1119 Left Out
Paul talks about England not getting the World Cup and the state of English football.
- Slide Show
- Audio Notes
Todd: So first let's talk about England. How did you feel about the result?
Paul: I've become a little bit kind of apathetic towards my country and these international competitive arenas. The thing about the English is that they think that they're up there with the best but more often than not we get reminded that we're quite mediocre. Maybe there was a time in the past where we were very dominant and kind of important as far as dictating how things ran but I think that period's ended.
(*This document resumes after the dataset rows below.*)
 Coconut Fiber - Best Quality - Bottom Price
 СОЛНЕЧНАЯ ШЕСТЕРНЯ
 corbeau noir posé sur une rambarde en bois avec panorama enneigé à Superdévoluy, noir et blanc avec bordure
We had the face of Beckham, we had the Prime Minister come and was there and we had Prince William and some other high ranking faces, if you like, but from what I've read the campaign, the head of the FA, the Football Association, was completely, he was another one of a long line of people who were inadequate running the Football Association. There was the BBC who released a program about corruption within FIFA weeks before the poll, the vote, so it didn't really come as a surprise to me as much as it did some of my other fellow countrypeople.
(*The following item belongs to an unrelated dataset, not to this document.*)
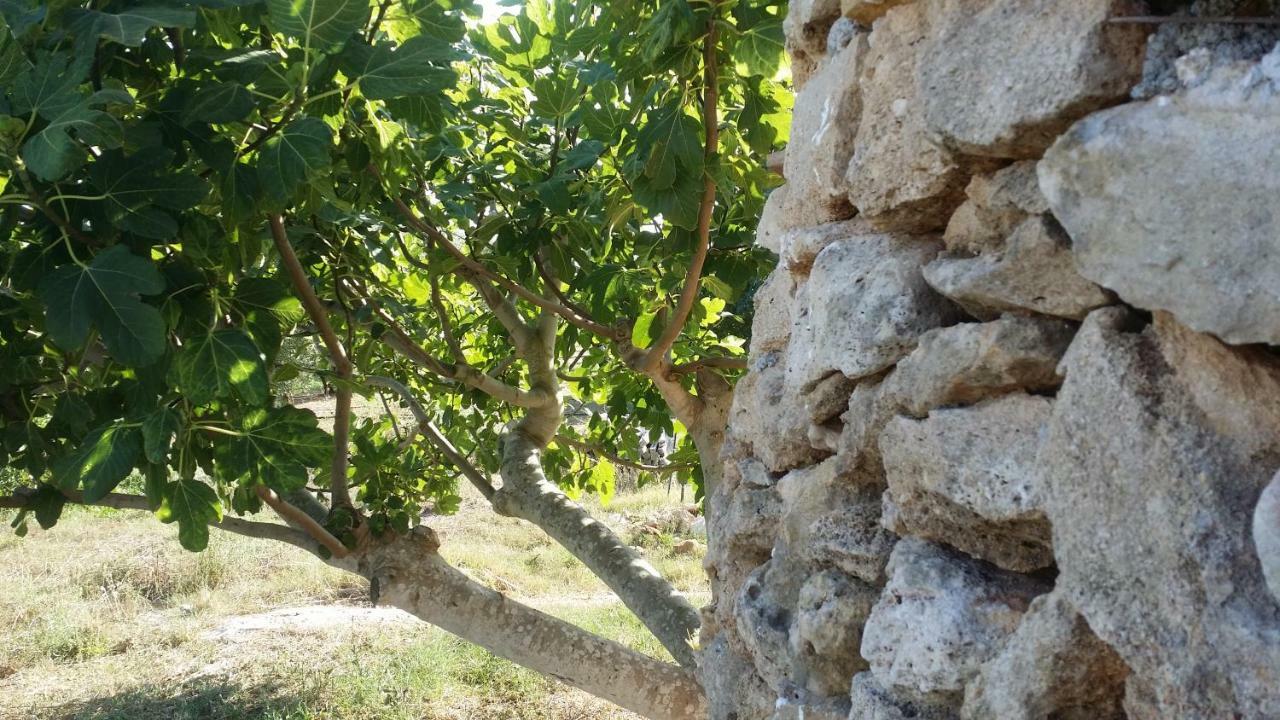 Agriturismo Tenuta La Siesta Gallipoli Eksteriør bilde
Todd: So a lot of people back in England thought that for sure you would get it?
Paul: It seemed that way, yeah, a lot of, speaking to some of my friends back at home they were like yeah we're quids in, the World Cup is coming to England. I think the campaign was kind of based on the football history of England and the passion that we have for the game and the current high level of facilities that we can provide. But I guess there was a bit of a shock like there was a shock at the England team's performance at the last World Cup. If you watched the game versus Germany, it was embarrassing, we were outclassed and not many other countries have much sympathy for England in this situation.
Todd: One thing though about your country when it comes to football, you really do have a lot of pressure I would say from the media. I mean there's a lot of maybe unrealistic expectations put on the team's performance and maybe that kind of leads to its downfall.
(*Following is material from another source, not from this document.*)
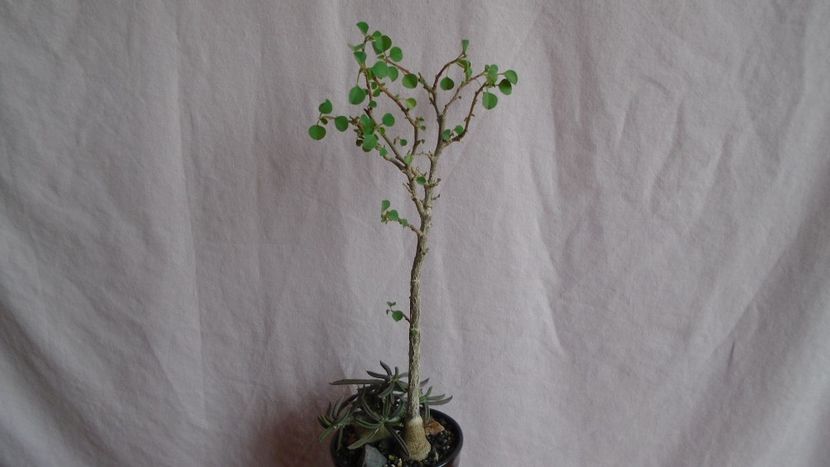 Euphorbia cylindrifolia & Euphorbia misera - Caudiciforme - pachycaule si bulboase 2021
Paul: Yeah. The media circus yeah is very intense and there's this kind of pattern that keeps repeating itself whereby people are heralded as being the saviour and the best in the world and then they make a mistake and then they're completely destroyed. It happened to David Beckham earlier in his career where he was heralded as being the future of England and he made a small mistake and got sent off in a big game and the media response to that was just embarrassing. They really tore him to pieces so we do have this problem with the media circus within England which kind of could be said to be responsible for generating this false sense of confidence. So yeah I agree with you on that point.
Now both of our countries recently got left out in the cold for the future World Cup.
Here, left out in the cold means eliminated from competition. Notice the following:
- They were left out in the cold for hosting the 2020 Olympics.
- I felt left out in the cold.
I've become a little bit kind of apathetic towards my country
When we are apathetic, that means we have no interest or opinion in something that may be important to others. Notice the following:
- I'm really apathetic about the tuition increase.
- He's always so apathetic about everything!
People are heralded as being the saviour and the best in the world
Someone or something that is heralded is being widely talked about as in a positive way. Notice the following:
- Michael Jackson was heralded as the king of pop.
- David Beckham was briefly heralded as the saviour of American soccer.
They really tore him to pieces.
When we tear someone or something to pieces, that means we speak about in a very negative way. Notice the following:
- The press tore him to pieces.
- The movie was torn to pieces by critics.
We do have this problem with the media circus within England.
An event that triggers a lot of activity by the press - TV, radio, newspapers, magazines, etc., is said to cause a media circus. Notice the following:
- The royal wedding caused a media circus.
- The media circus was almost more entertaining than the event.